- **Exercise instructions**:
Skip the pictures. Quote every line below, exactly, from the one with "Used 2025 Jeep" through the final line.

- **Information shown**:
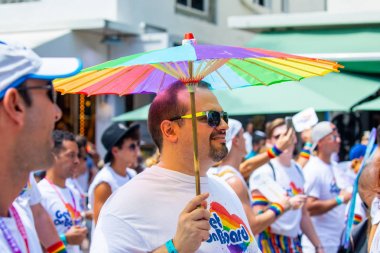 Abd. Florida. Miami Sahili. Nisan 2019: South Beach'te eşcinsel geçit töreni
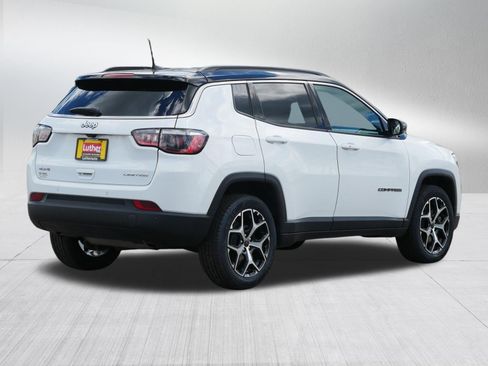 Used 2025 Jeep Compass Limited AWD/4WD image 7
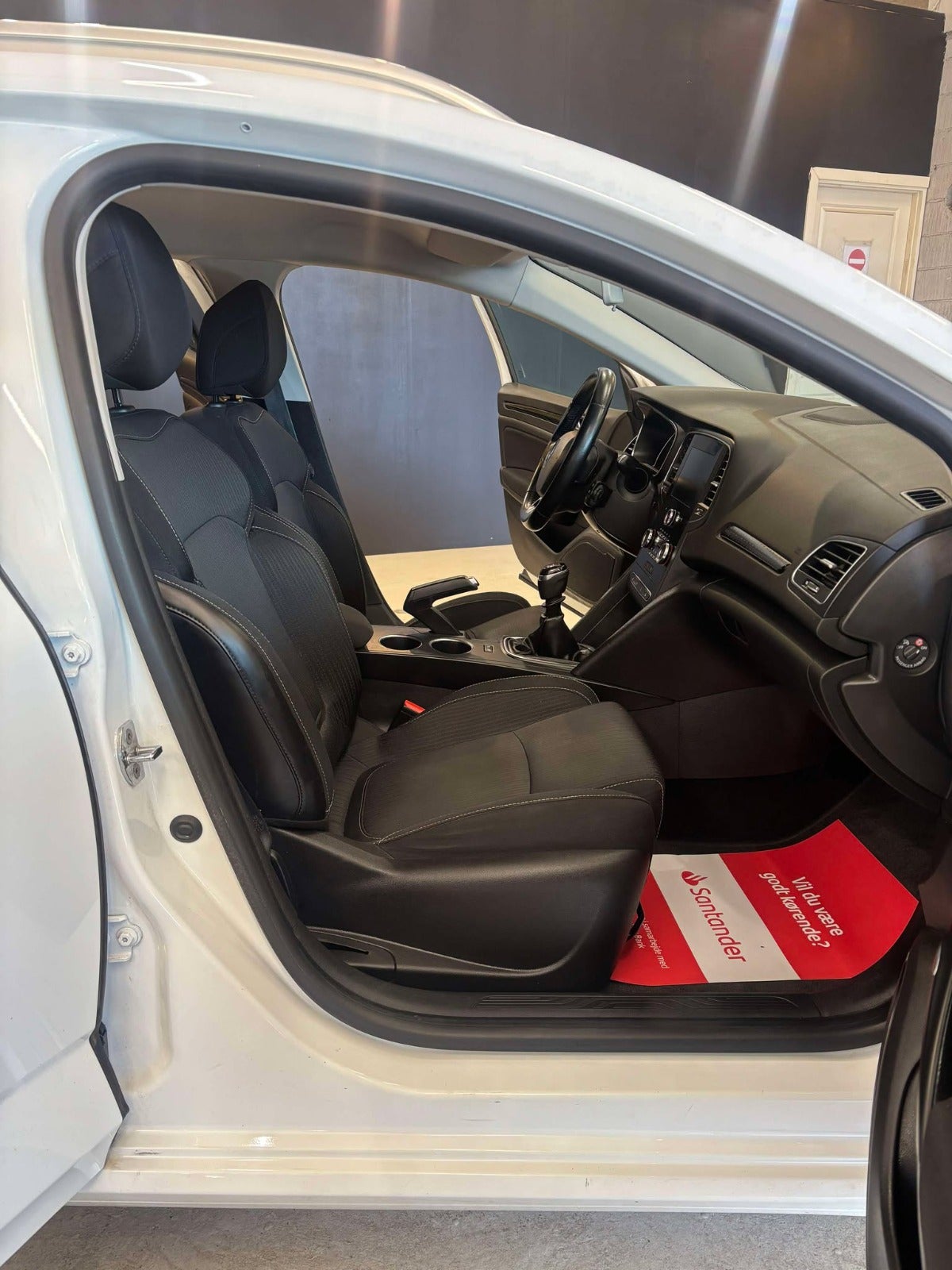 Billede af Renault Megane IV 1,2 TCe 100 Zen Sport Tourer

- **Answer to this problem**:
 Used 2025 Jeep Compass Limited AWD/4WD image 7
 Billede af Renault Megane IV 1,2 TCe 100 Zen Sport Tourer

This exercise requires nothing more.